Conclusions. — Les philosophes de l’école de la morale « dérivée[1] » ont admis d’abord que la morale repose sur une forme de l’égoïsme ; mais, plus récemment, ils ont mis en avant le « principe du plus grand bonheur. » Il serait toutefois plus correct de considérer ce dernier principe comme la sanction plutôt que comme le motif de la conduite. Néanmoins tous les écrivains dont j’ai consulté les ouvrages pensent, à très peu d’exceptions près[2], que chaque action procède d’un motif distinct, lequel doit être toujours relié à quelque plaisir ou à quelque peine. Mais il me semble que l’homme agit souvent par impulsion, c’est-à-dire en vertu de l’instinct ou d’une longue habitude, sans avoir conscience d’un plaisir, probablement de la même façon qu’une abeille ou une fourmi quand elle obéit aveuglément à ses instincts. Dans un moment de grand péril, dans un incendie par exemple, il est bien difficile de soutenir que l’homme qui, sans un instant d’hésitation, essaye de sauver un de ses semblables, ressent un plaisir quelconque ; il n’a certes pas non plus le temps de réfléchir sur le chagrin qu’il pourrait ressentir plus tard s’il n’avait pas fait tous ses efforts pour sauver son semblable. S’il réfléchit plus tard à sa propre conduite, il reconnaît certainement qu’il y a en lui une force impulsive absolument indépendante de la recherche du plaisir ou du bonheur ; or cette force semble être l’instinct social dont il est si profondément imprégné.

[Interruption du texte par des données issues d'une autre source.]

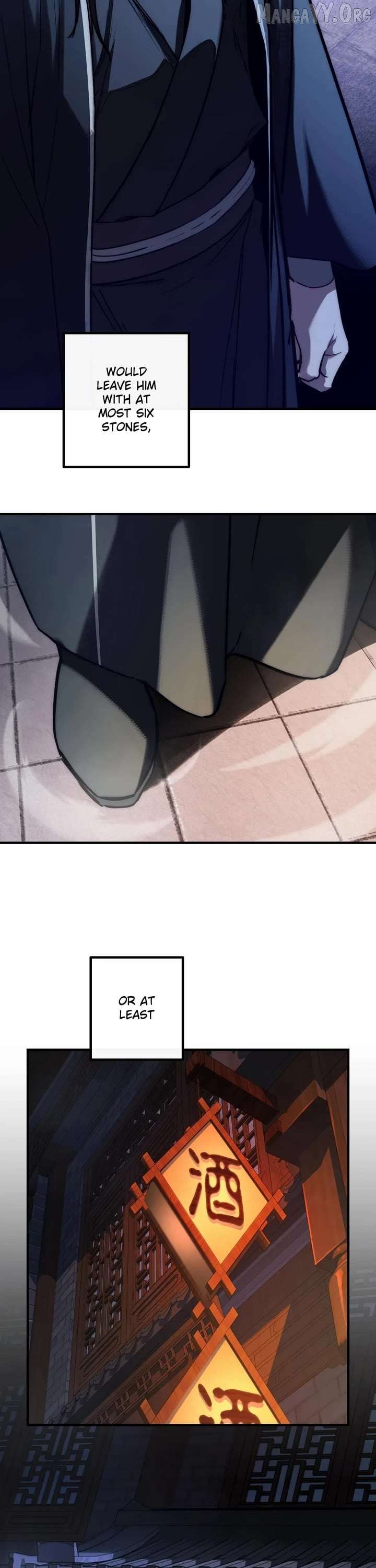 Reverend Insanity Chapter 12 - Page 36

Quand il s’agit des animaux inférieurs, il semble beaucoup plus

  1. Terme employé dans un excellent article, Wesminster Review, oct. 1869, p. 498. Pour le principe du plus Grand Bonheur, voir J.-S. Mill, Utilitarianism, p. 17.

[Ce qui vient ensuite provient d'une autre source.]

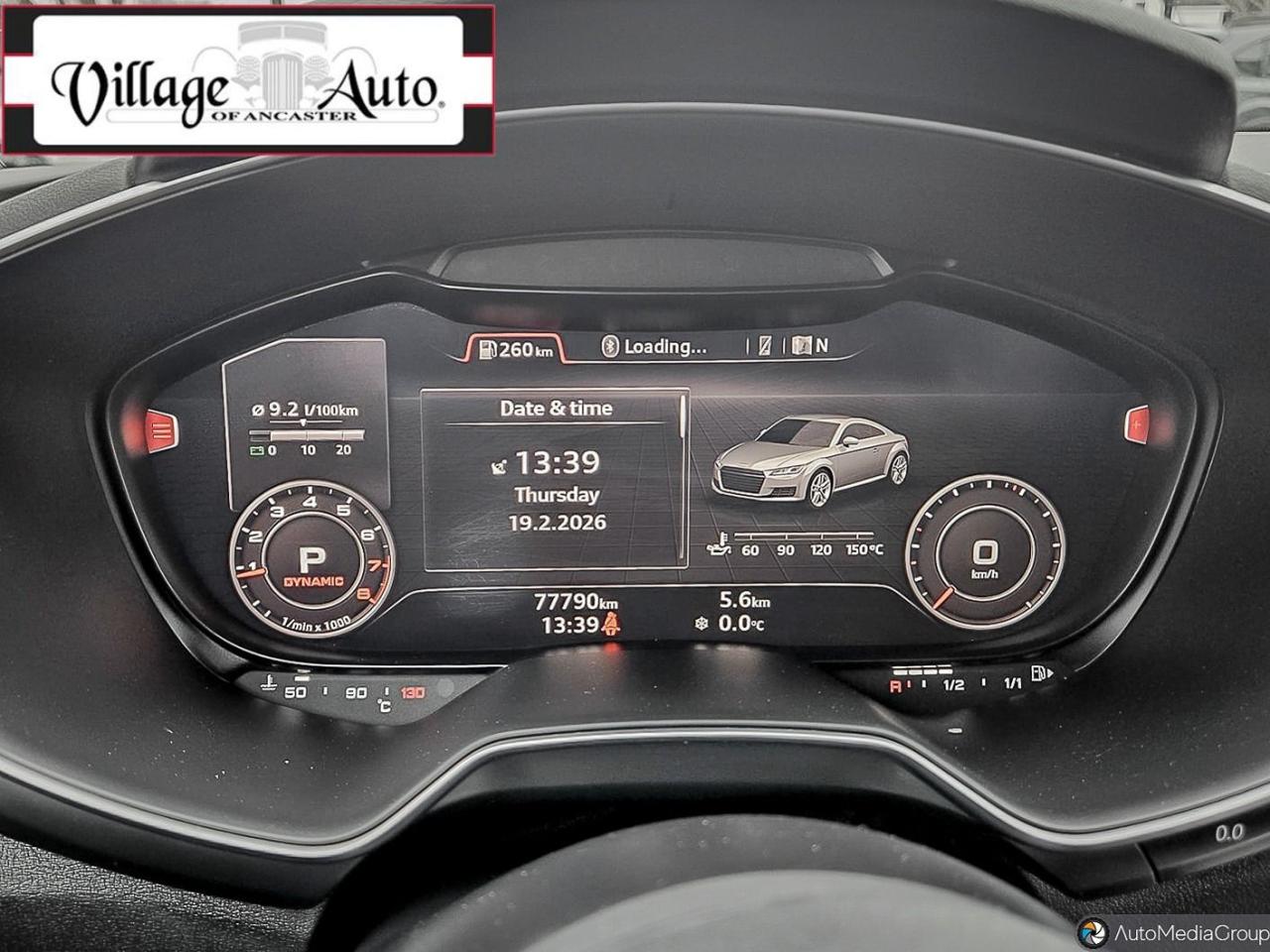 2017 Audi TT 2dr Cpe quattro 2.0T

  2. Mill reconnaît (System of Logic, vol. II, p. 422) de la façon la plus absolue que l’habitude peut pousser à une action, sans qu’il y ait aucune anticipation de plaisir. De son côté, M. H. Sidgwick, dans son article sur le plaisir et le désir (Contemporary Review, avril 1872, p. 671), s’exprime en ces termes : « En un mot, contrairement à l’hypothèse en vertu de laquelle nos impulsions actives conscientes sont toujours dirigées vers la production de sensations agréables en nous-mêmes, je suis disposé à soutenir que nous éprouvons souvent des impulsions conscientes, généreuses, dirigées vers quelque chose qui n’est certainement pas le plaisir ; que, dans bien des cas, l’impulsion est si peu compatible avec notre égoïsme que les deux sentiments ne peuvent pas facilement coexister au moment où nous sommes conscients. » Le sentiment, je suis même tenté de le croire, que nos impulsions ne procèdent pas toujours de l’attente d’un plaisir immédiat ou futur a été une des principales causes qui ont fait adopter l’hypothèse intuitive de la morale et rejeter l’hypothèse utilitaire ou du plus grand bonheur. Quant à cette dernière hypothèse, on a sans doute souvent confondu entre la sanction et le motif de la conduite, mais ces deux termes se confondent réellement dans une certaine mesure.